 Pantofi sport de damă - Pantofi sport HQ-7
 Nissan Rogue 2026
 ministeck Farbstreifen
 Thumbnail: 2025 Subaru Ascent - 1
- - - -
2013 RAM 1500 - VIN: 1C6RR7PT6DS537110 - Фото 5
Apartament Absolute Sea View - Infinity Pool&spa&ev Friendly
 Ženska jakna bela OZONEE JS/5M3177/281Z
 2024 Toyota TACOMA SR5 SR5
- - - -
Exercise aim: In the entries above, find the line holding "Apartament Absolute Sea" and the line holding "2024 Toyota TACOMA SR5 SR5"; print both of them and every line between, exactly, and nothing else.

Answer box:
Apartament Absolute Sea View - Infinity Pool&spa&ev Friendly
 Ženska jakna bela OZONEE JS/5M3177/281Z
 2024 Toyota TACOMA SR5 SR5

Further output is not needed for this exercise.